In order to track you or trigger an action like a coupon or message to your phone, companies need you to install an app on your phone that will recognize the beacon in the store. Retailers (like Target and Walmart) that use Bluetooth beacons typically build tracking into their own apps. But retailers want to make sure most of their customers can be tracked — not just the ones that download their own particular app.
So a hidden industry of third-party location-marketing firms has proliferated in response. These companies take their beacon tracking code and bundle it into a toolkit developers can use.
The makers of many popular apps, such as those for news or weather updates, insert these toolkits into their apps.
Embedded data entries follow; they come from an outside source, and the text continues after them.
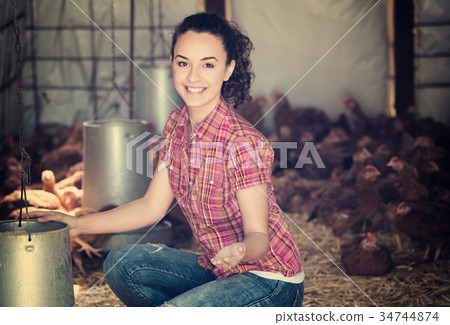 Cheerful woman farmer feeding chickens 34744874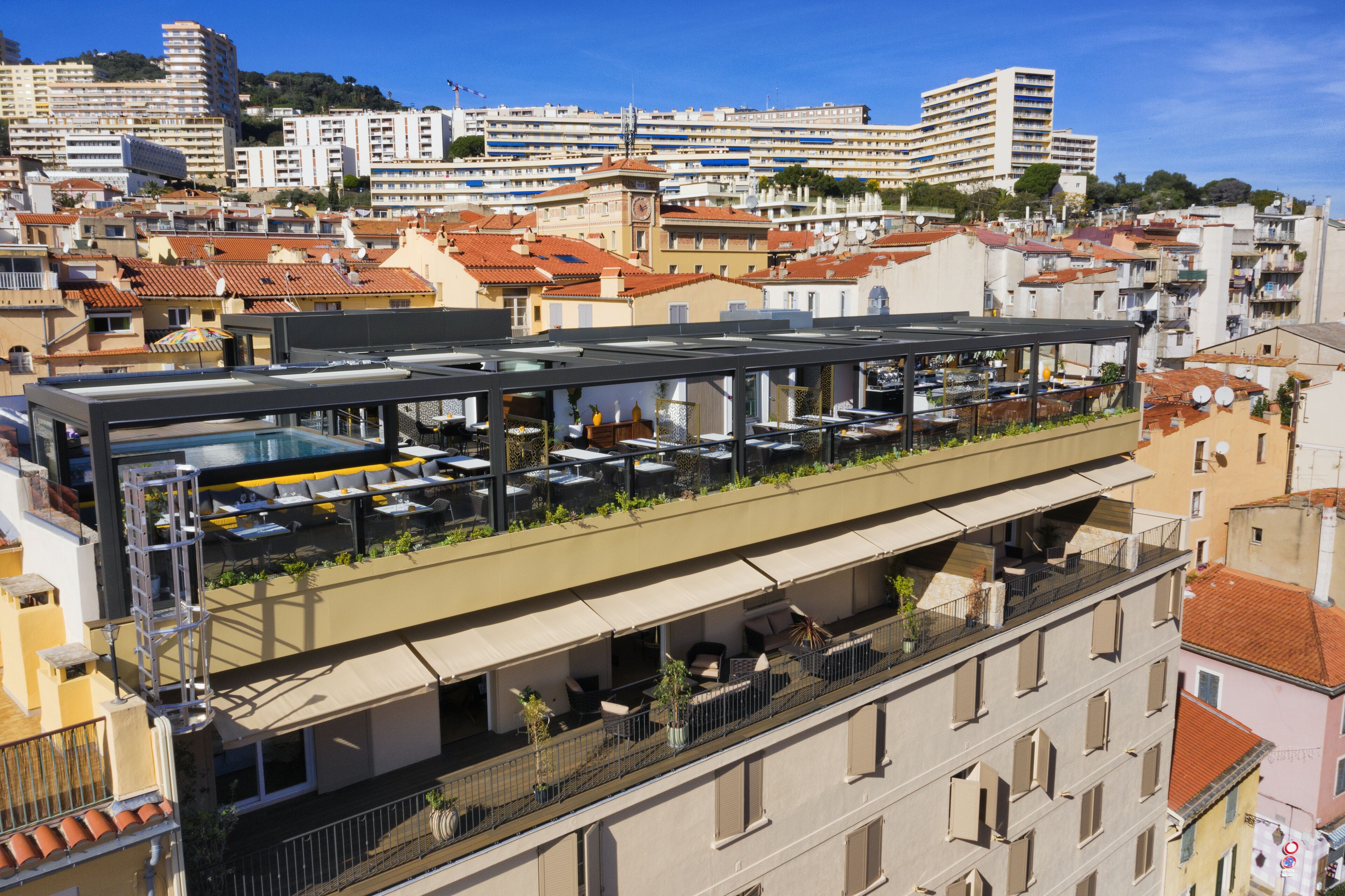 En restaurang på taket med uteservering, en pool och utsikt över stadsbilden.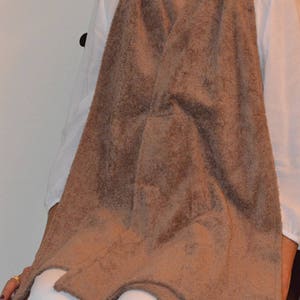 May include: A brown terry cloth bib with a V-neck opening. The bib is worn by a person sitting on a chair.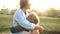 Lovely woman and her adult teenage daughter hug each other, standing in the middle of an autumn park. Outdoor portrait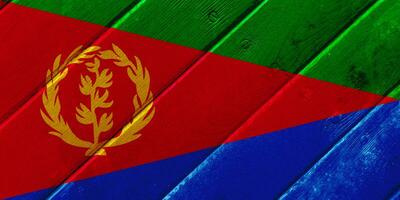 Flag of State of Eritrea on a textured background. Concept collage. photo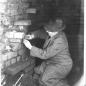 Image 1 taken from inside brick stack, worker looks to be setting dynamite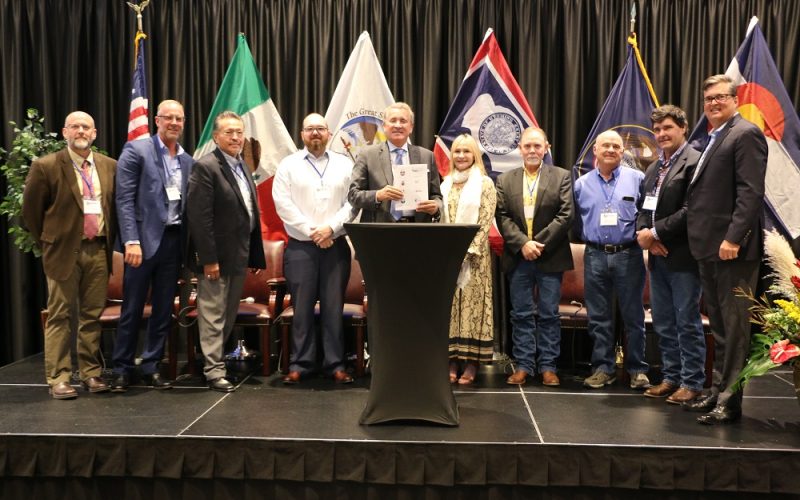 The Secretary of Economic Development for the State of Baja California, Mexico, Carlo Bonfante, center,holds the memorandum of understanding incorporating Baja California into the Western States and Tribal Nations initiative at the Uintah Basin Energy Summit in Vernal, UT.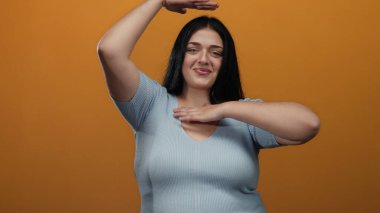 Parlak turuncu arka planda elleri ile gülümseyen kadın oyuncu bir şekilde kıvrımlı figürler sergiliyor..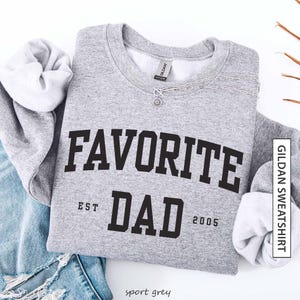 May include: A sport grey sweatshirt with the words "FAVORITE DAD" in bold black letters. Below the text are the words "EST" and "DAD" with the year "2005". A silver necklace with a pendant is draped across the sweatshirt.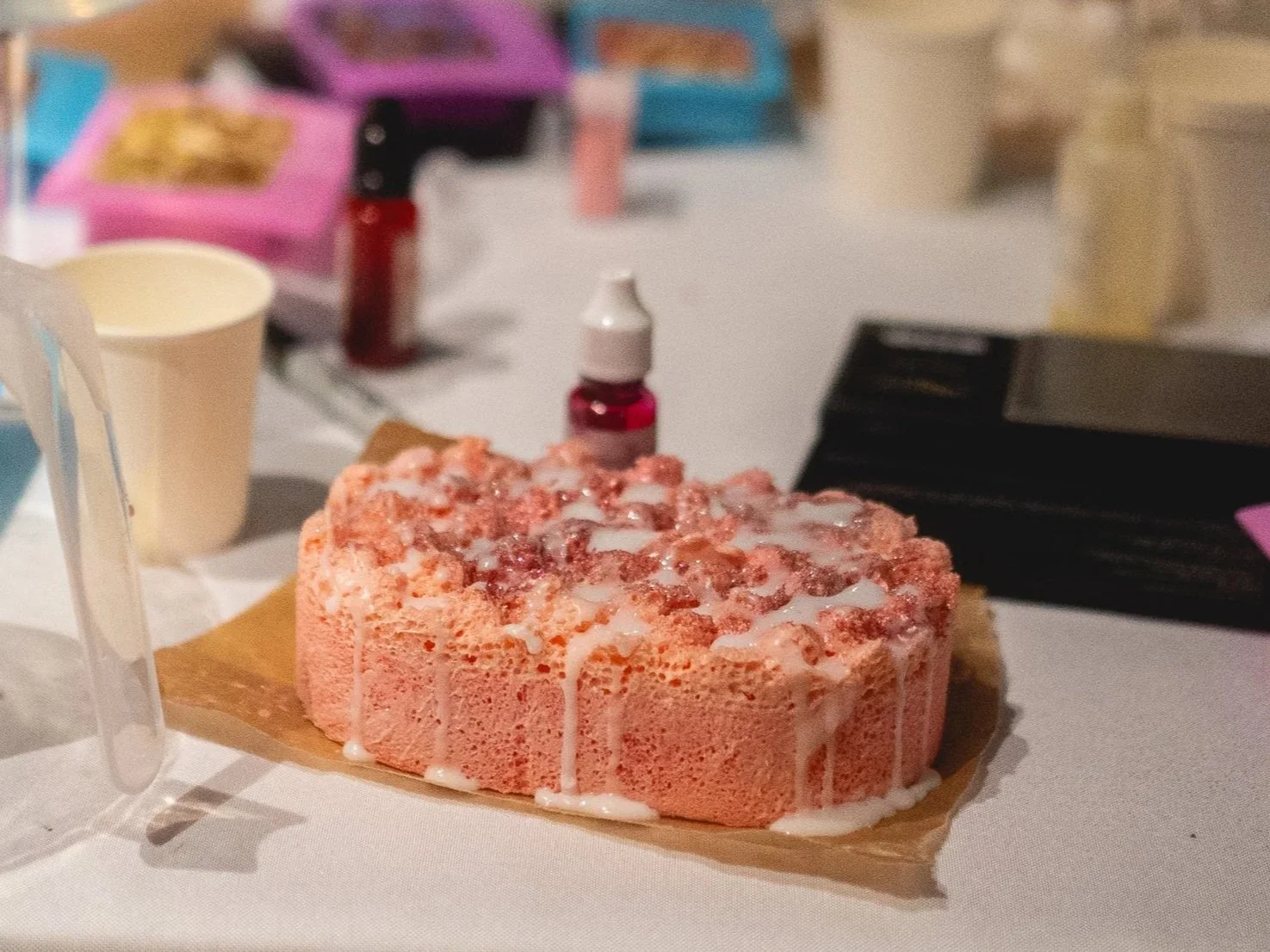 A pink soap-infused sponge placed on a table with various items in the background, including a cup, small bottles, and boxes.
They might be paid by the beacon companies or receive other benefits, like detailed reports on their users.
Location data companies often collect additional data provided by apps. A location company called Pulsate, for example, encourages app developers to pass them customer email addresses and names.
Companies like Reveal Mobile collect data from software development kits inside hundreds of frequently used apps. In the United States, another company, inMarket, covers 38 percent of millennial moms and about one-quarter of all smartphones, and tracks 50 million people each month. Otherplayers have similar reach.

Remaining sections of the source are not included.